Rus erkeklerinin yaklaşık %50'sinde teşhis edilmemiş bir vitamin eksikliği var.

(hormon) D ve üçte biri ciddi derecede eksik. En yaygın vitamin eksikliği

(hormon) Erkeklerde obezite, androjen eksikliği, kısırlık ve hastalıklarda D saptanır.

prostat. D vitamini (hormon) D eksikliği geliştirme riski altındadır.

bebekler, yaşlılar, sınırlı güneşe maruz kalan kişiler, koyu renkli hastalar

cilt, obezite, yağların emiliminin bozulmasına eşlik eden hastalıklar.

Vitamin (hormon) D eksikliği ve erkek kısırlığı

Son zamanlarda, vitamin (hormon) D'nin vücuttaki rolünü doğrulayan daha fazla veri ortaya çıktı.

Spermatozoanın oluşum ve olgunlaşma süreci. Düşük seviyeler arasındaki ilişki

D vitamini (hormon) D ve ilerleyici hareketlilikte azalma ve ayrıca morfolojik olarak miktarı

normal sperm Normal D vitamini (hormonu) seviyelerine (> 30) sahip erkeklerin aksine

ng/ml), vitamin eksikliği olan erkeklerde (< 20 нг/мл) в эякуляте наблюдалось более высокое количество

hareketsiz, ölü ve patolojik olarak değiştirilmiş spermatozoa formları.

Vitamin (hormon) D, spermatogenezi hem doğrudan hem de dolaylı olarak etkileyebilir,

testosteron seviyesi - spermatozoanın doğru gelişimi için gerekli bir anahtar hormon.

Kan testosteron seviyesi erkekler de bağımlı güneş ışığının bolluğundan.

Ağustos ayında maksimum seviyesine ulaşır.
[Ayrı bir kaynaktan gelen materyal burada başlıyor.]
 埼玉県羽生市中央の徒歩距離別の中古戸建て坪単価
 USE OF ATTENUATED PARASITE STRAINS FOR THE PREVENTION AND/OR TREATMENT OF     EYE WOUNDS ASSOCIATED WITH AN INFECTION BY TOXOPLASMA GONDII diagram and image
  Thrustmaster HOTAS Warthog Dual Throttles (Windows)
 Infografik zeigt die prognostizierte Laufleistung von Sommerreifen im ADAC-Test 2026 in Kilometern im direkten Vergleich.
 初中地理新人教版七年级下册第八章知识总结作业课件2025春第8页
Ancak Ekim ayından itibaren kademeli olarak

düşüş ve Mart ayına yakın önemli bir minimum gözlemlendi.

D vitamini eksikliği ve prostat hastalığı

Son yıllarda kandaki D vitamini düzeyi ile görülme sıklığı arasında önemli bir ilişki kurulmuştur.
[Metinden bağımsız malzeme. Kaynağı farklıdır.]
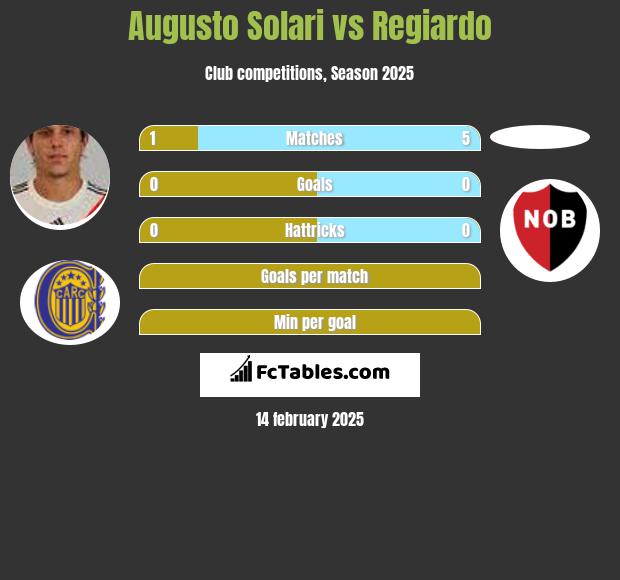 Augusto Solari vs Regiardo h2h player stats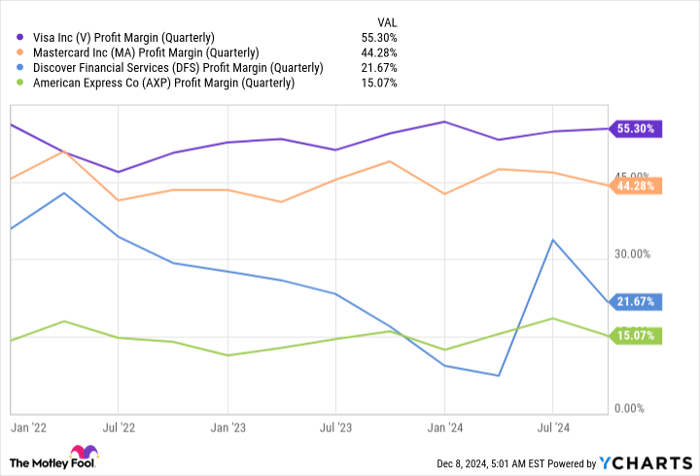 V Profit Margin (Quarterly) Chart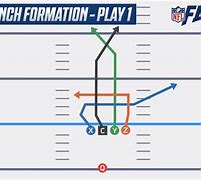 Image result for NFL Flag Football Plays
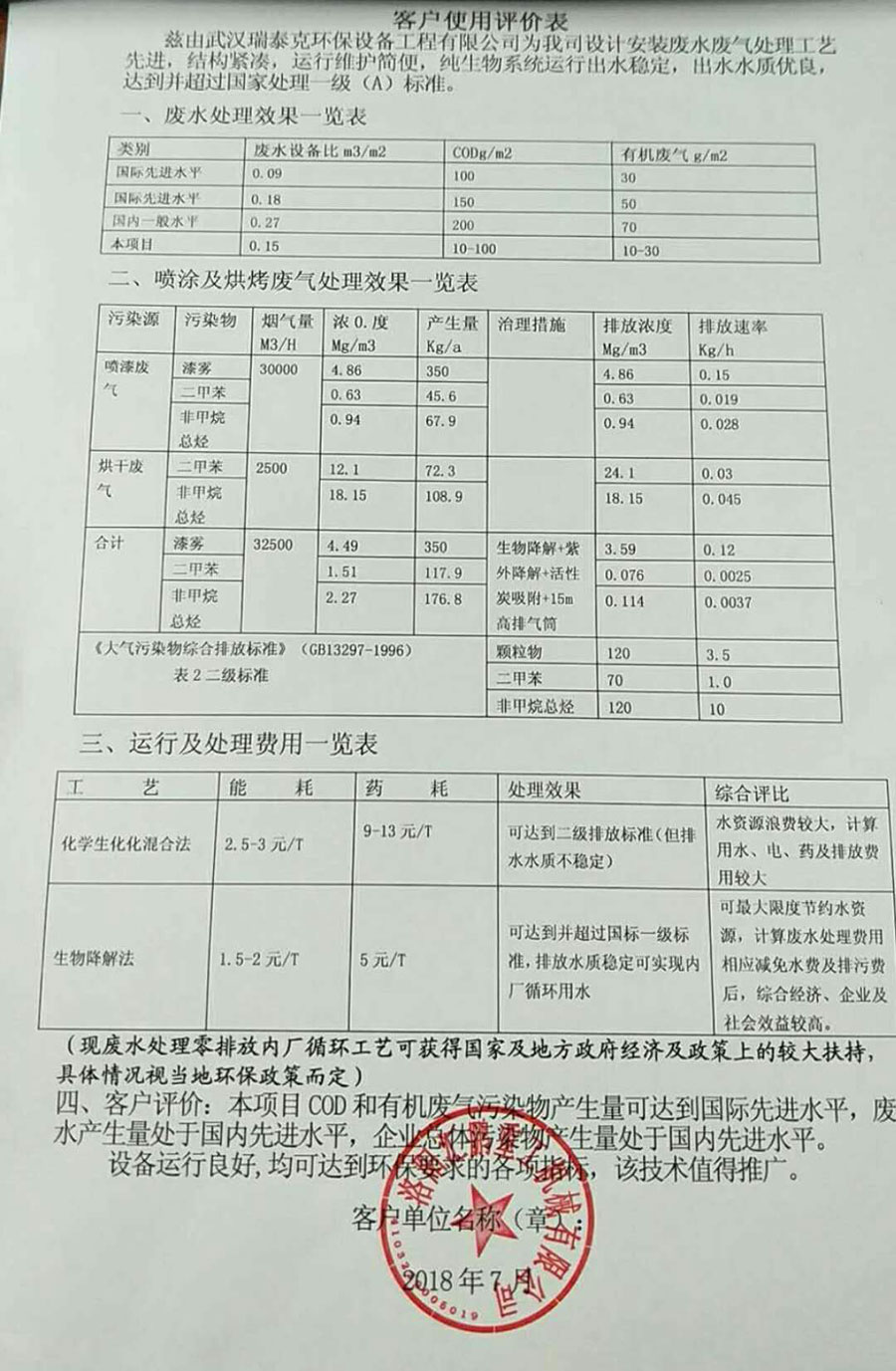 洛陽(yáng)匯鵬重工機(jī)械有限公司廢水、廢氣處理案例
prostat hastalıkları. Böylece, D vitamini (hormon) için prostat reseptörlerinin blokajı

ile ilişkili otoimmün (bakteriyel olmayan) kronik prostatit gelişimine yol açar.
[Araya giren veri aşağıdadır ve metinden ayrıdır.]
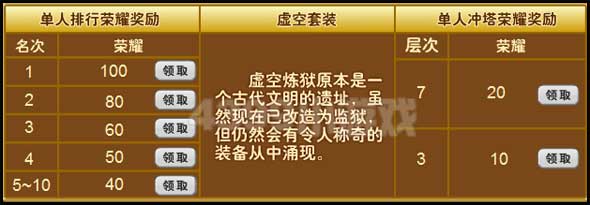 功夫派榮耀怎么得？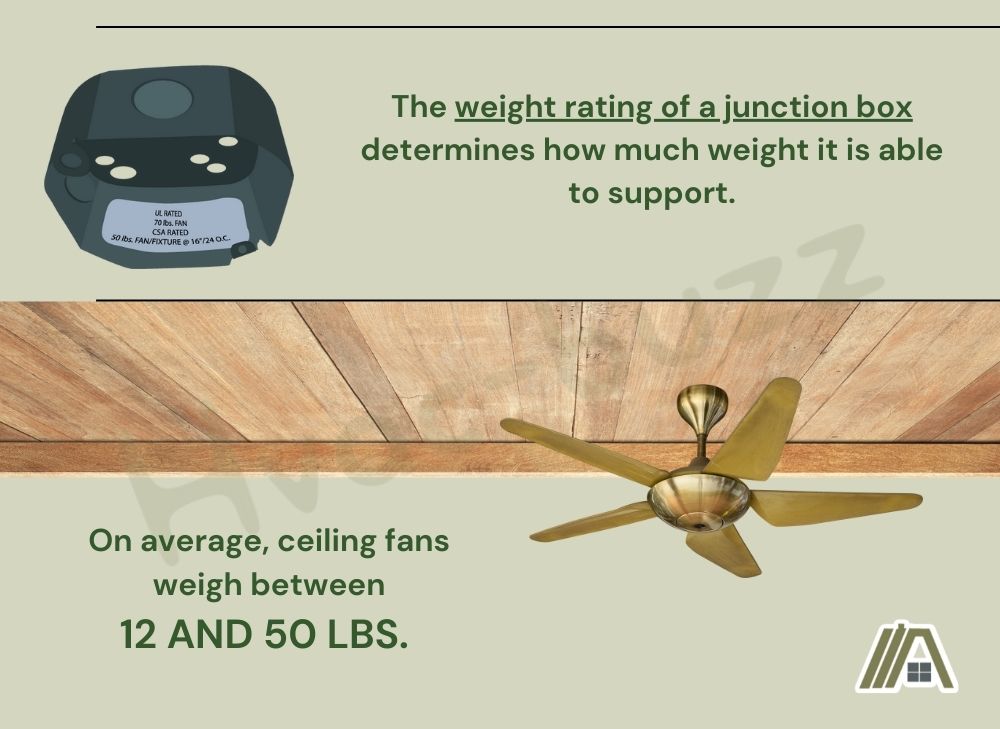 Weight rating of  a junction box and the average weight of a ceiling fan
vitamin (hormon) D'nin belirgin bir antibakteriyel ve

anti-inflamatuar etki Gelişimi üzerinde önleyici bir etki

iyi huylu prostat hiperplazisi.

Çözüm

D vitamini benzersiz, çok yönlü ve metabolik olarak yüksek düzeyde aktif bir steroiddir.

erkek işlevlerinin diğer hormonal düzenleyicileri ile önemli ölçüde ilişkili olan bir hormon

organizma. Vitamin (hormon) D'nin hayati biyolojik etkilerinin spektrumu son derece geniştir,

ve eksikliğinin yaygınlığı yüksektir.

Bu nedenle vitamin (hormon) D eksikliğinin giderilmesi önemli bir koruyucu ve

erkeklerin yaşam kalitesini artırmayı amaçlayan terapötik faktör.

Ek olarak, bu sorun androlojik uygulama için çok önemlidir, çünkü

D vitamini (hormonu) D genitoüriner sistem hastalıklarının çoğunun gelişiminde aktif olarak yer alır ve

Erkeklerde üreme sistemleri. Bu hormonu yönetmek, güçlendirmede bir atılım olabilir.

androlojik hastalıklarda önleyici ve tedavi edici önlemlerin etkinliği.